I think most people here will agree with that sentiment.

Posted

The disappointing part for me is he's defending his position, and not being particularly nice about it. I offered up a snarky title for my blog post, so I'm not going to complain too much about his comments toward me, but he's projecting attitude toward others. He has a book out, which probably says the same thing as his lecture, so maybe he feels more invested in the idea than if this were only a discussion of the physics. I don't know.

 

ajb, I don't know exactly how to calculate the width of band structure since I'm not a solid-state physicist, but I suspect it scales with the number of electrons in the band.

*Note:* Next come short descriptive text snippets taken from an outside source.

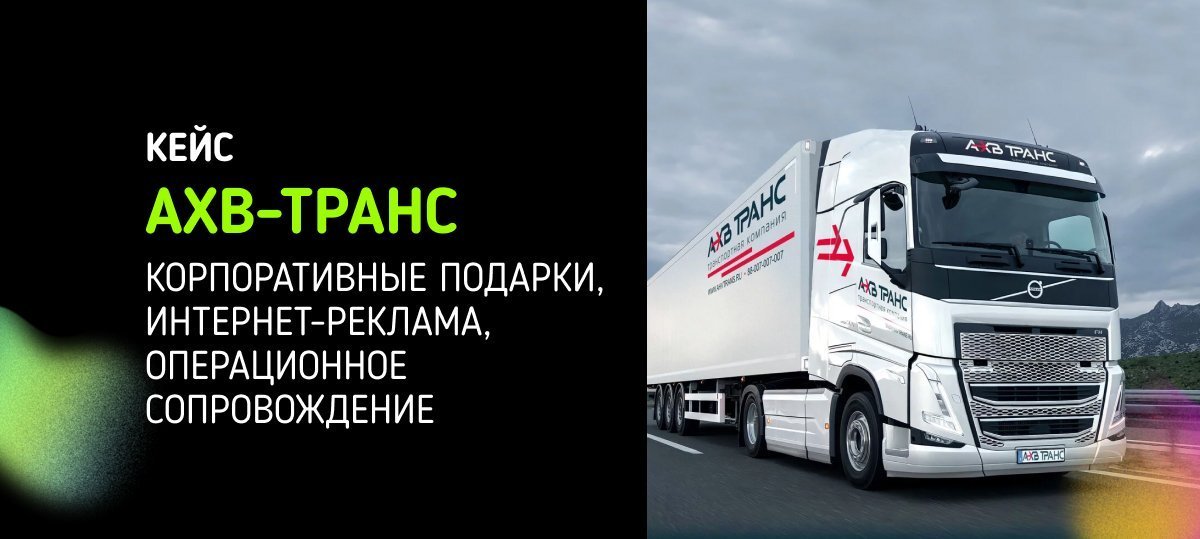 АХВ-ТРАНС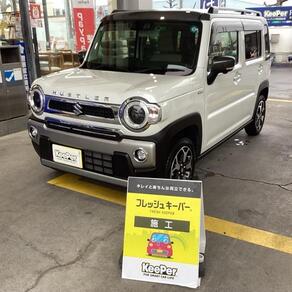 スズキ・ハスラー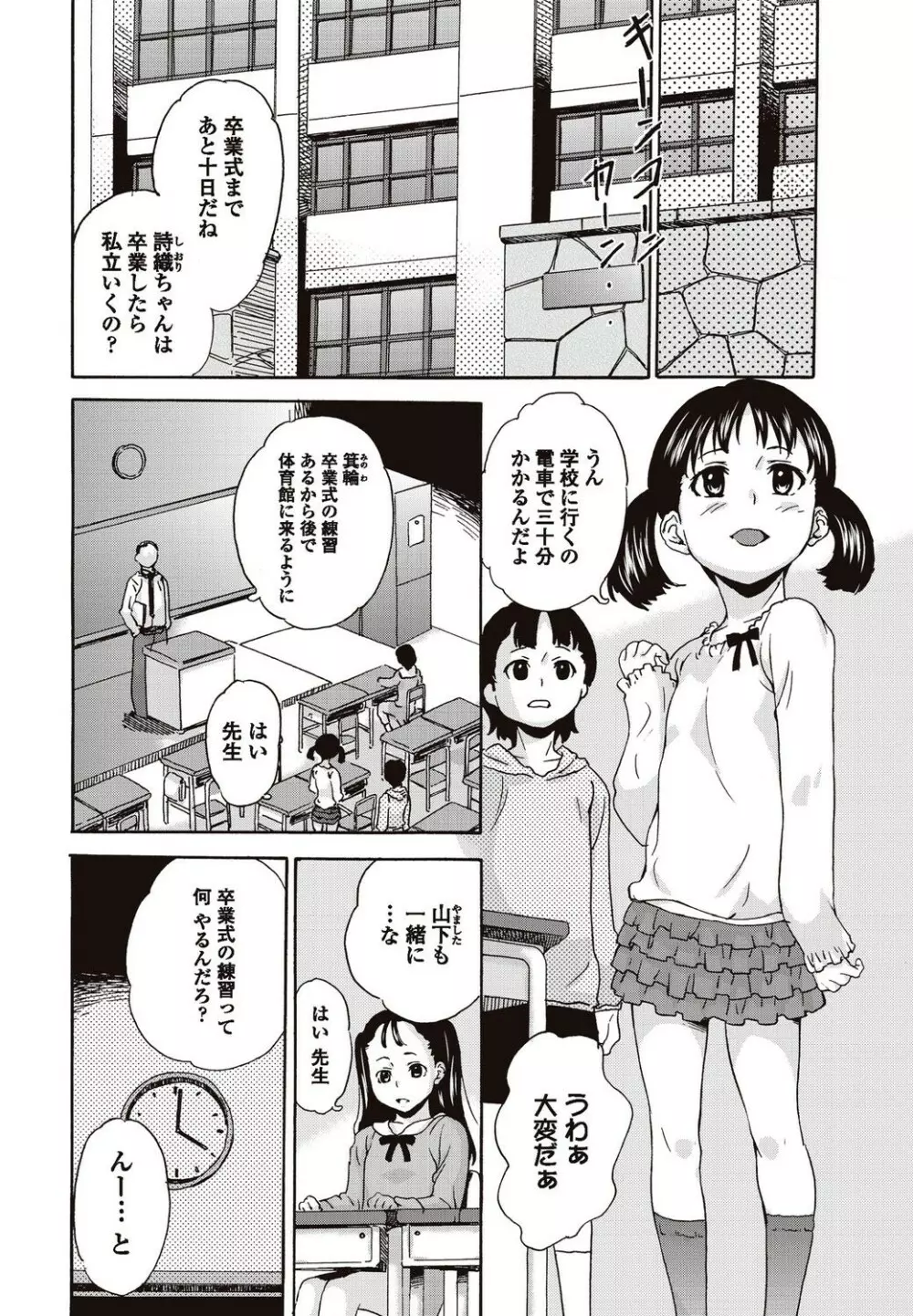 美少女革命・極 2010年4月号 Vol.7 Page.178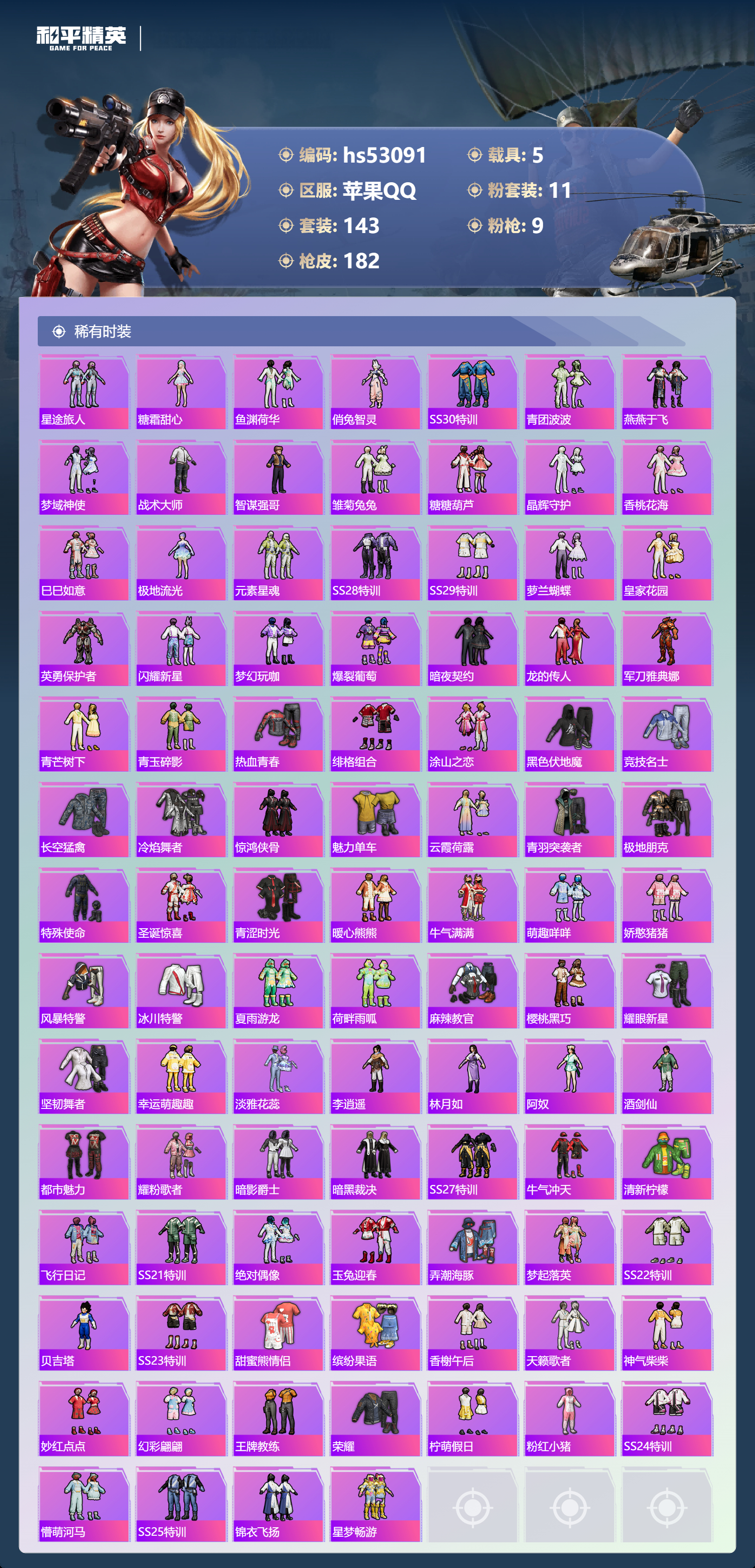 HPSJ3435087和平精英账号详情图7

But scaling with N immediately nullifies his argument, since if he's right, those electrons were already "staking out their energy" regardless of whether they were in one sample or another. The size of the individual sample shouldn't matter. So why don't we see band structure in atoms? We have many times Avogadro's number of individual atoms, but we only see band structure in individual solids that have some kind of lattice structure. There's no evidence of it in atoms, as I pointed out with the clock example. Atomic clocks work on the notion that the atoms are identical, and the clocks work.

 

The other objection I raised (int he comments) was that composite Fermionic systems still act like identical particles. If Cox is right, these atoms are not identical anymore, because the electrons are in slightly different energy levels. A Fermi gas in its ground state should have all the atoms drop to the lowest energy level, but that's not what happens - you get one atom per state, just as you expect from identical spin-1/2 particles. Cox says they aren't identical, and nature disagrees. Nature has the final say.

Posted

This thread, Tom Swanson's blog and the replies/counters have, I believe, been rather edifying for science. It clearly demonstrates the fallacy of those who regularly claim that there is a monolithic dogmatism about science. Tom may have been rather salty in his initial post/title (blame the navy experience) - but the public event of real heavyweights duking it out beautifully demonstrates that no one is above reproach. I wish I knew enough to come down firmly on one side or another - although the Sean Carroll article seems to confirm that Tom was right to raise a flag of caution.

Posted

It also reminds us that nobody is perfect, and I hope it cautions us that one error should not undermine the credibility of anyone — this doesn't change all of the correct things that he's said — especially if (as I hope Cox eventually does) one acknowledges their mistakes. And I can be convinced that I'm wrong, I will acknowledge it. But so far, there have been no examples presented that seem relevant, and my counterexamples haven't really been challenged.

 

If I had know the level of scrutiny this would get I would have put more thought into the title, but then, a tamer title might not have brought the same level of scrutiny. Quite a conundrum.